There are times, when I am in my more grumpy and sarcastic moments admittedly, that I get annoyed by some of the naming choices and subsequent marketing efforts that breweries put in to promoting their beer.
One of my favourite websites highlighting the horrors of sub-par naming and branding is the magnificent Pump Clip Parade, a veritable litany of the ribald, obscene and downright offensive. Were a visitor from outer space to visit that website to get an idea of British drinking culture, they would likely conclude that British drinkers are only interested in third rate puns, naked women and frequent references to World War 2.

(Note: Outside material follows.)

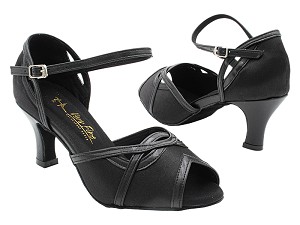 1706 Black Satin & Black Leather Trim with 2.5" Heel (2899) in the photo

Sadly, the American craft brewing industry is not averse to indulging in national stereotyping in order to sell beer. As you quite possibly are aware, I am Scottish and happily so, though I feel no compulsion to run around in a Tam o'Shanter with bits of ginger hair sticking out the side, whilst swinging a Claymore and yelling 'Wha's likes us?' at all and sundry. Forgive me then if I am being a tad touchy at the number of beers sold in this country which have some form of kilt elevation in their name; Kilt Lifter, Kilt Flasher, Kilt Raiser, Naked Under Me Kilt, Lift Your Kilt and so on and so forth. It simply bugs my head that many brewers of 'Scottish' ales have decided that the one part of Scottish culture to focus on for their naming conventions is the kilt, and I say that as someone who loves wearing his kilt, often just around the house when trousers simply don't go the job.
There is far more to Scotland than a few metres of worsted wool and the legendary absence of undies, so brewery marketing departments, how about engaging in some innovative thought (rather than just thinking that chucking the word 'innovative' in your marketing copy makes you beer 'awesome') when branding your 'Scottish' ales? How about making reference to the many aspects of the modern world that have their roots in Scotland? How about referring to eras of Scottish history other than William Wallace?
So while beer is supposed to be fun, resorting to lazy national stereotyping is the mark of ultimately crap marketing and detracts from the beer itself.